> WORK TO COMPLETE: Reproduce only this stretch of the listing below: from the line with "Argos Home 3 x 11L Storage Boxes - Grey 0" through the line with "Transavia Trolleys|Handbagage Trolleys>Kipling", exactly as written, with pictures excluded.

> DATA PROVIDED:

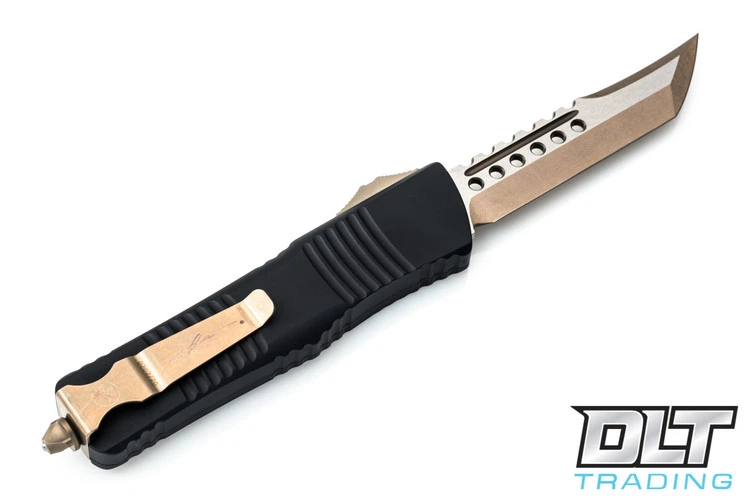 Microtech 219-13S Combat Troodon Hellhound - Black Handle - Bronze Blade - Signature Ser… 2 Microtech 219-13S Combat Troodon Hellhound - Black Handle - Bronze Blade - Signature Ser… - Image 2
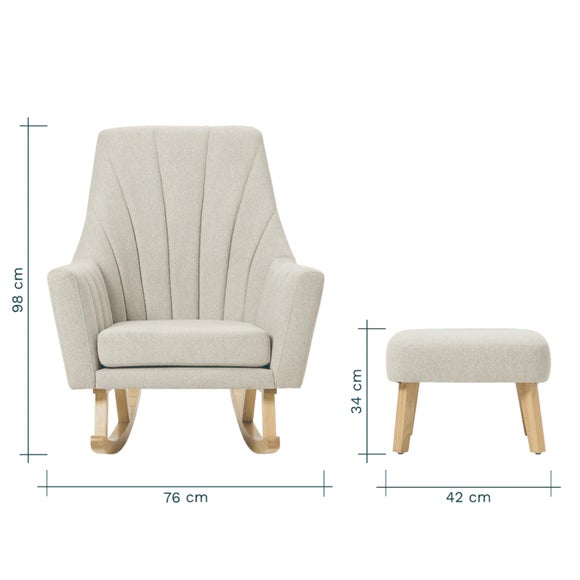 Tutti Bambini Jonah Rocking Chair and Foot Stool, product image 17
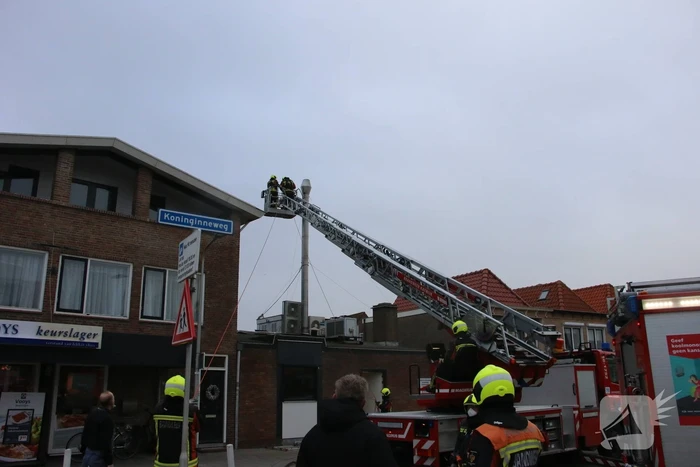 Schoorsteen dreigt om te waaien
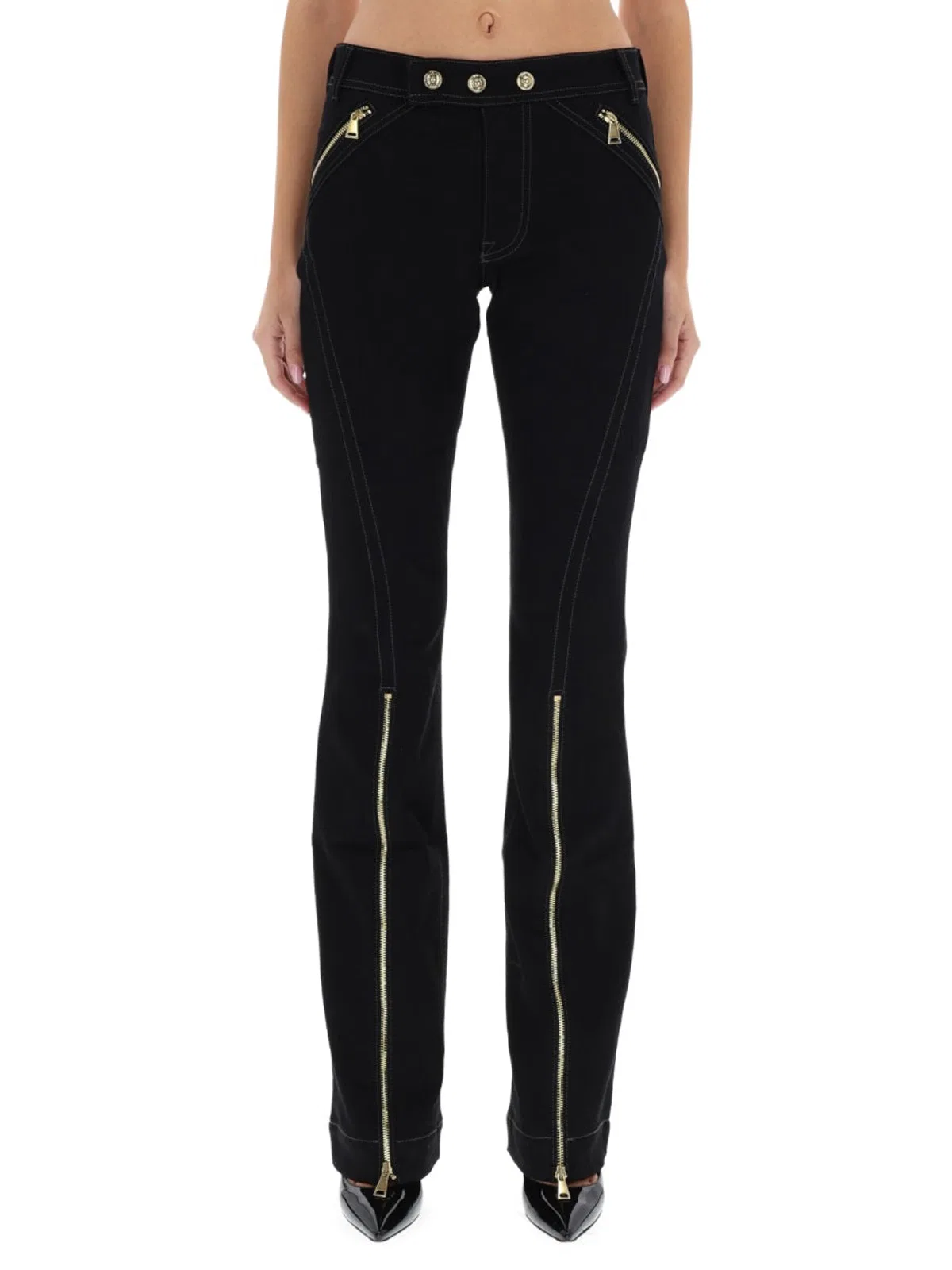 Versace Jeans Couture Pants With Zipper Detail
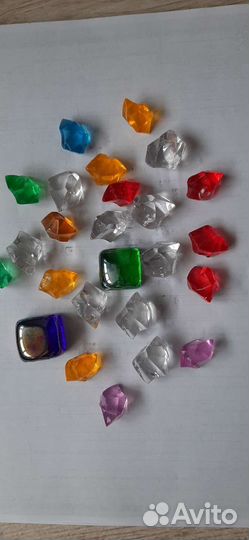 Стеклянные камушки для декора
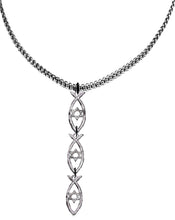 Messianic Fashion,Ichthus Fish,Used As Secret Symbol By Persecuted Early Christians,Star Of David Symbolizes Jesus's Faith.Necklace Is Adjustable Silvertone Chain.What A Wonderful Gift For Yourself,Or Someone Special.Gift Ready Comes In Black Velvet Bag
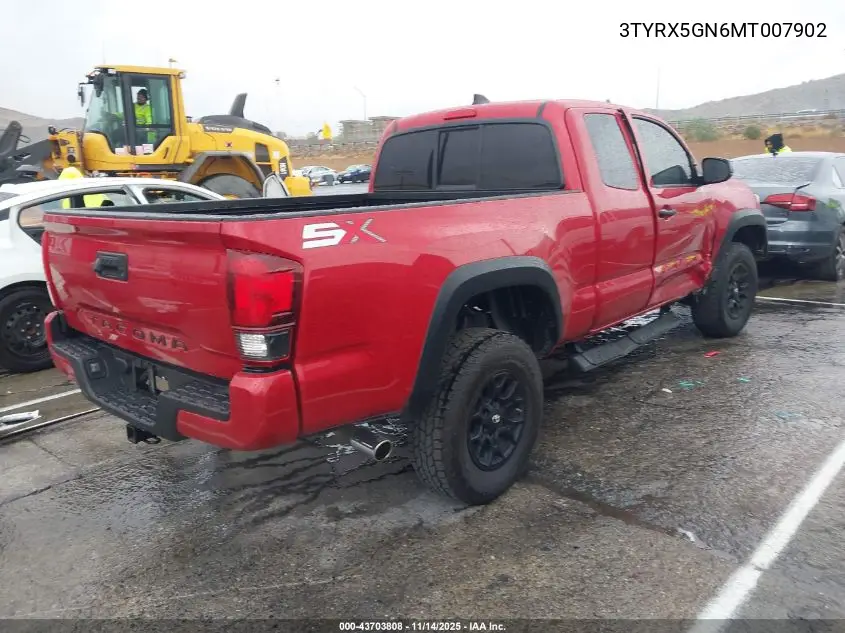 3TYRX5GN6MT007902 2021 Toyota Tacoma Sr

* * *

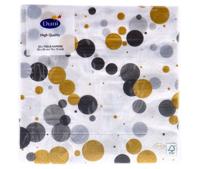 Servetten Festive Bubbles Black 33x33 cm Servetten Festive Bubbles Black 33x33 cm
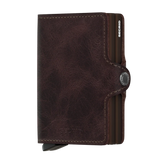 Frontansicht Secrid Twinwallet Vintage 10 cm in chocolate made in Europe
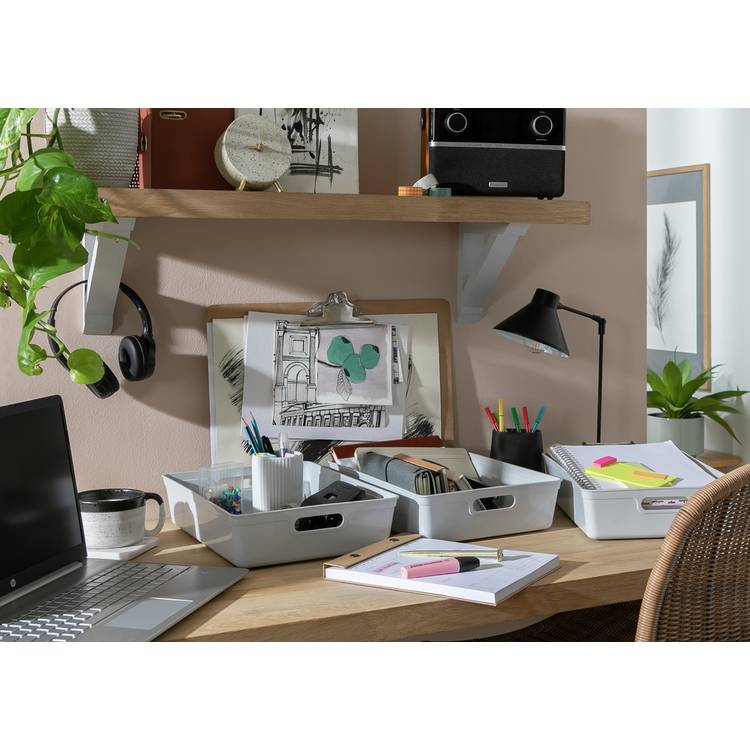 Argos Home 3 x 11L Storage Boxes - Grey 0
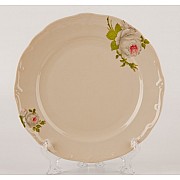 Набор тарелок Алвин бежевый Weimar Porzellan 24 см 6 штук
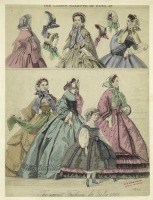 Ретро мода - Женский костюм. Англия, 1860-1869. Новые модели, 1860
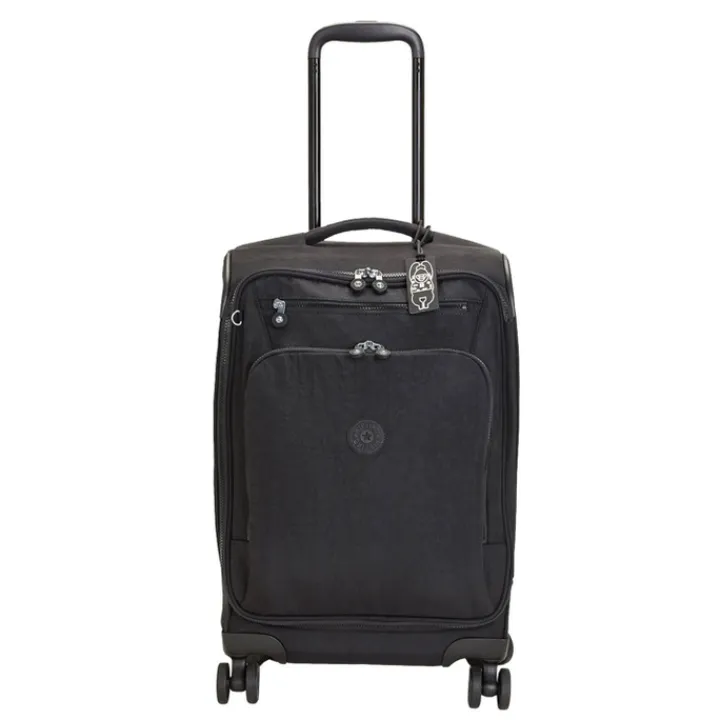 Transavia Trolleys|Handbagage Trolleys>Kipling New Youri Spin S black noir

> RESPONSE BOX:
 Argos Home 3 x 11L Storage Boxes - Grey 0
 Набор тарелок Алвин бежевый Weimar Porzellan 24 см 6 штук
 Ретро мода - Женский костюм. Англия, 1860-1869. Новые модели, 1860
 Transavia Trolleys|Handbagage Trolleys>Kipling New Youri Spin S black noir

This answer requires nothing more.